# Goal:
* Figure out why AP decreases with the number of probes
* Look at the combinations being tested
* Look at the distance values 
* Look at the coarse quantizer
* Look at our reconstruction methods
* Look at baseline methods -- are they sound? Are they making up numbers?

In [1]:
import os
import pickle
import json


import numpy as np
from importlib import reload

In [71]:
import random

import utils
import data
import search_concept
import search_expand

reload(utils)
reload(data)
reload(search_concept)
reload(search_expand)


# Index settings
dim = 512
k_coarse = 512
m = 64
nbits = 8
n_probes_list = [5, 10, 25, 50]
segments_to_test = 50

coco_path = '/data/users/jie/data-slicing/COCO/'
embed_path = '/data/users/jie/data-slicing/COCO/embeds/train2017_fixed_clip_only'
pickle_path = os.path.join(coco_path, 'embeds/coco-2017-train-realclip-realsam.pkl')
embed_dict = utils.create_new_pickle(embed_path, pickle_path)



In [72]:
import utils
import data
import search_concept
import search_expand

reload(utils)
reload(data)
reload(search_concept)
reload(search_expand)

def inner_loop(
        index_pq, index_flat_cpu, packd, img_concept_bitmap, 
        all_images, pqq, kmeans, n_probes, embed_dict, average_embeddings,
        n_segments_list):

    precision_results = {
        'our': [],
        'pq': []
    }
    counter_results = {
        'our': [],
        'pq': []
    }
    print('Number of segments:', n_segments_list)
    for n_segments in n_segments_list:
        random_img = random.choice(all_images)
        start_idx, end_idx, _ = embed_dict['img_to_vec_list'][random_img]
        img_embeddings = average_embeddings[start_idx:end_idx]
        random_embedding_idx = random.sample(range(len(img_embeddings)), min(n_segments, len(img_embeddings)))
        
        features = {f'v_{i}': img_embeddings[idx] for i, idx in enumerate(random_embedding_idx)}

        gt_images, _, gt_counter = search_expand.flat_multisearch(
            index_flat_cpu, features, p_k, vec_to_img, 
            max_search_radius=1e6, exclusive_matching=False)
        if len(gt_images) < p_k:
            continue

        our_images, _, our_counter = search_concept.perform_search(
            features, p_k, kmeans, pqq, packd, img_concept_bitmap, all_images, 
            n_probes=n_probes, exclusive_matching=False)
        pq_images, _, pq_counter = search_expand.flat_multisearch(index_pq, features, p_k, vec_to_img, 
            max_search_radius=1e6, exclusive_matching=False)

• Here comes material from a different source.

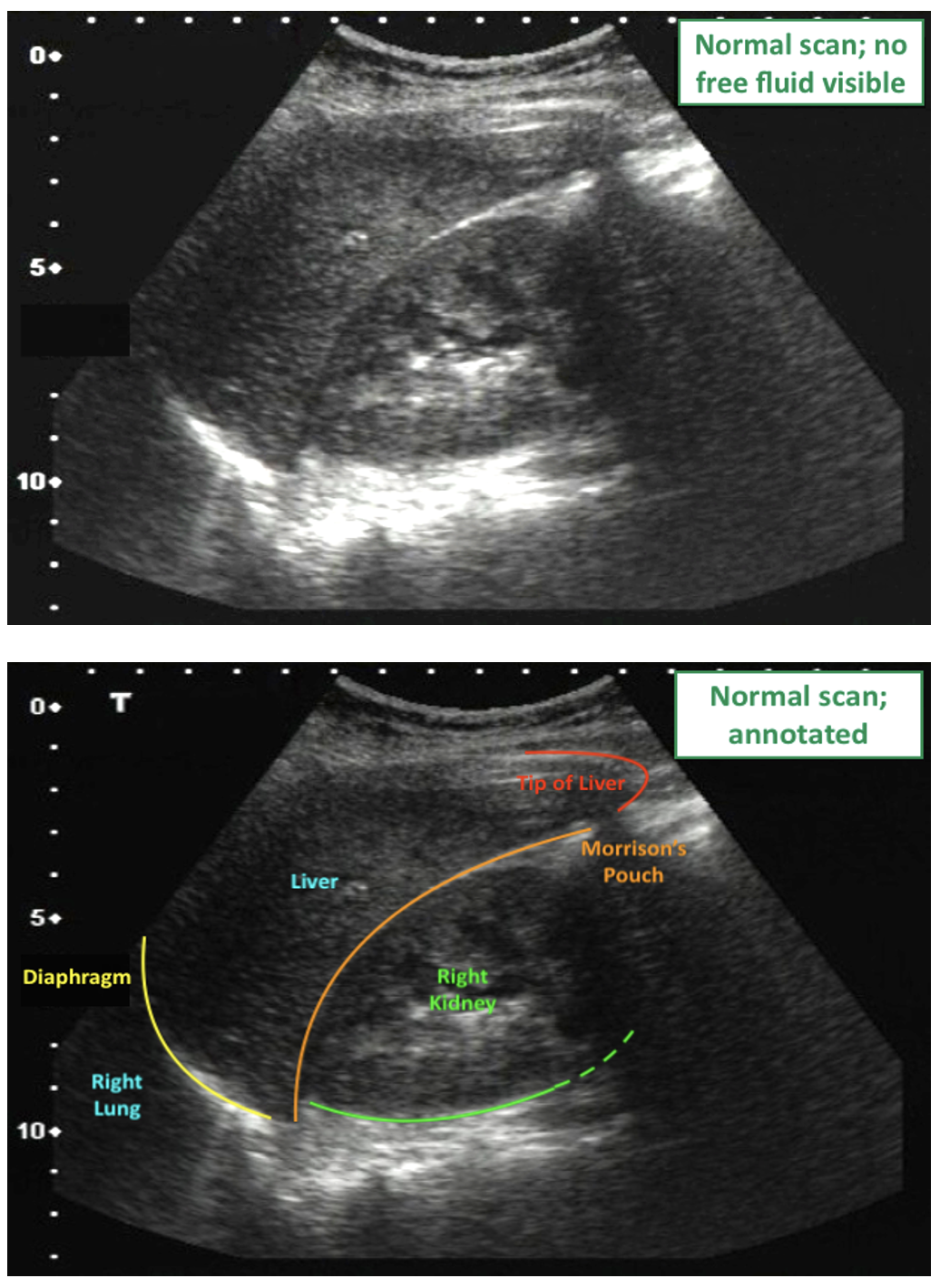 FAST Scan Hepatorenal Views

        our_ap = utils.calculate_avg_precision(gt_images, our_images)
        pq_ap = utils.calculate_avg_precision(gt_images, pq_images)
        precision_results['our'].append(our_ap)
        precision_results['pq'].append(pq_ap)

        counter_results['our'].append(our_counter)
        counter_results['pq'].append(pq_counter)
    
    return precision_results, counter_results

average_embeddings = embed_dict['average_embeddings']
all_precisions = {}
all_counts = {}
for n_probes in n_probes_list:
    train_sample_size = 10_000
    data_sample_size = 10_000

    index_pq, index_flat_cpu, packd, img_concept_bitmap, all_images, pqq, kmeans, = data.get_indices(
            dim=dim, k_coarse=k_coarse, m=m, cluster_bits=nbits, 
            n_probes=n_probes, embed_dict=embed_dict, use_custom_pq=False,
            random_seed=None, train_sample_size=train_sample_size,
            data_sample_size=data_sample_size
        )

    print(index_pq.nprobe, 'is number of nprobe i configured')

    all_images = list(embed_dict['img_to_vec_list'].keys())
    vec_to_img = embed_dict['vec_to_img']
    n_iterations = 100
    n_segments_list = [2, 4, 6]
    p_k = 10

    all_counts[n_probes] = {
        'our': [],
        'pq': []
    }

    all_precisions[n_probes] = {
        'our': [],
        'pq': []
    }

    for i in range(n_iterations):
        precisions, counts = inner_loop(
            index_pq, index_flat_cpu, packd, img_concept_bitmap, 
            all_images, pqq, kmeans, n_probes, embed_dict, average_embeddings,
            n_segments_list
        )
        all_counts[n_probes]['our'].append(counts['our'])
        all_counts[n_probes]['pq'].append(counts['pq'])

        all_precisions[n_probes]['our'].append(precisions['our'])
        all_precisions[n_probes]['pq'].append(precisions['pq'])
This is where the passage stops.